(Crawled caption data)

* * * * * * * * *

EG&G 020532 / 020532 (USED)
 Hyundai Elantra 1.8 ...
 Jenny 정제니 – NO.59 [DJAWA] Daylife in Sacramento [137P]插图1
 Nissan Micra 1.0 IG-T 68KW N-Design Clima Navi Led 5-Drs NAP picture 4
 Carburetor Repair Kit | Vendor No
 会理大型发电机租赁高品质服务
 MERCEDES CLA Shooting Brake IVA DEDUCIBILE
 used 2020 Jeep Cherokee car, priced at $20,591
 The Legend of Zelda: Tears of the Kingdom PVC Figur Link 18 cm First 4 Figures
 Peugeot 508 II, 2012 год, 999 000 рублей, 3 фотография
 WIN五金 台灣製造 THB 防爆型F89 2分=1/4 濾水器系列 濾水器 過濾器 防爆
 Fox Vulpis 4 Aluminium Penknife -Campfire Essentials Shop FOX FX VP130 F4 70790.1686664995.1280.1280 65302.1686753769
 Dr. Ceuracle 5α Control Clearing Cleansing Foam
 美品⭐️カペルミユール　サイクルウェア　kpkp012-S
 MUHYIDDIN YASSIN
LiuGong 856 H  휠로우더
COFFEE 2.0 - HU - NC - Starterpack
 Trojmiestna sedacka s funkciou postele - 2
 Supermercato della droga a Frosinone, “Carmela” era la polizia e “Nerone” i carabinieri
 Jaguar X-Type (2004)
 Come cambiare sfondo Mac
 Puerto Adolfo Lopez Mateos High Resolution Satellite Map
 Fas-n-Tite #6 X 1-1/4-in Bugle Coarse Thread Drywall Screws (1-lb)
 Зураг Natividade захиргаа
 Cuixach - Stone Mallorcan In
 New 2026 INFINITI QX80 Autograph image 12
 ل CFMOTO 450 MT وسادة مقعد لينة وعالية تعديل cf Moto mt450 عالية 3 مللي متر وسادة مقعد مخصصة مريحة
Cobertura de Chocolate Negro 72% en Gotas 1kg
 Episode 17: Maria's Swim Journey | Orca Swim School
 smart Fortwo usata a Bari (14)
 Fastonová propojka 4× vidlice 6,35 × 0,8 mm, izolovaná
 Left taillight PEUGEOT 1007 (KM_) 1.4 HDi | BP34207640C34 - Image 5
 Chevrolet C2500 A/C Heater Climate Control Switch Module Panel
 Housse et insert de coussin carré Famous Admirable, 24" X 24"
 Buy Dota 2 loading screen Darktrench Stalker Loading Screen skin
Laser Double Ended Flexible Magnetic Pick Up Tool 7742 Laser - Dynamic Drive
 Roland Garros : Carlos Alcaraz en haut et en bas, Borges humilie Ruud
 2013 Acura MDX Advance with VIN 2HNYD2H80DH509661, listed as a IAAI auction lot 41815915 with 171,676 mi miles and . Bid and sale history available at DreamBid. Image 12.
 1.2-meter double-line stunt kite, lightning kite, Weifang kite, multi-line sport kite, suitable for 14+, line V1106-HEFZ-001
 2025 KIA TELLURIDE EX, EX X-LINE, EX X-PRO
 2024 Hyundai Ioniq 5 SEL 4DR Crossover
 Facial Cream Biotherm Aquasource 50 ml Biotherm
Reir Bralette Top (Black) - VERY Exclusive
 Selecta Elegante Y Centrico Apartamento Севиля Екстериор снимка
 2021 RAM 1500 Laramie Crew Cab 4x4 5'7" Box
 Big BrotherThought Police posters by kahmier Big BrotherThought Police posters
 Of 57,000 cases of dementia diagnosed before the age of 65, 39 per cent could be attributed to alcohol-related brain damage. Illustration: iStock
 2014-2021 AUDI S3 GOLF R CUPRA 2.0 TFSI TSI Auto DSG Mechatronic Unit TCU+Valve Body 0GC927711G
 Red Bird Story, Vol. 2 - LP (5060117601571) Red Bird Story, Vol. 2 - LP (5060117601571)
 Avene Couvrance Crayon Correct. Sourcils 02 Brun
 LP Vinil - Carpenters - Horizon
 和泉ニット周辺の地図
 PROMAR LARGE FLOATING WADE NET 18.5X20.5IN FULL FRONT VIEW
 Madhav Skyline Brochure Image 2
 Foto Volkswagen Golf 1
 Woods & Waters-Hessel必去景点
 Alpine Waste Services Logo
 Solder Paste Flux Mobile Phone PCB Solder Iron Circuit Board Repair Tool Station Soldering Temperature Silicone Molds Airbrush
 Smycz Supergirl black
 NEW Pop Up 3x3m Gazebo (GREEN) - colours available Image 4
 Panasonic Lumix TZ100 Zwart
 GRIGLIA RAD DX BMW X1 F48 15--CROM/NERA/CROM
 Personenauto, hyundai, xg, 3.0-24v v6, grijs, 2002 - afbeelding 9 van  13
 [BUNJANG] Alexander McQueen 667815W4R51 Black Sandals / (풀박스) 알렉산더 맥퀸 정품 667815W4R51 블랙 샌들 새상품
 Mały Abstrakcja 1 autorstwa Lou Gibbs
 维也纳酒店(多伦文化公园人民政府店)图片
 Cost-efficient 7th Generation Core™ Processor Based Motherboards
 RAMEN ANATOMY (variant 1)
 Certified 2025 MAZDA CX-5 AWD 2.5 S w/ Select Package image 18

* * * * * * * * *

Please give an exact copy of the entries above, from the line with "WIN五金 台灣製造 THB" down to the line with "COFFEE 2.0 - HU - NC - Starterpack", inclusive, and nothing else.

 WIN五金 台灣製造 THB 防爆型F89 2分=1/4 濾水器系列 濾水器 過濾器 防爆
 Fox Vulpis 4 Aluminium Penknife -Campfire Essentials Shop FOX FX VP130 F4 70790.1686664995.1280.1280 65302.1686753769
 Dr. Ceuracle 5α Control Clearing Cleansing Foam
 美品⭐️カペルミユール　サイクルウェア　kpkp012-S
 MUHYIDDIN YASSIN
LiuGong 856 H  휠로우더
COFFEE 2.0 - HU - NC - Starterpack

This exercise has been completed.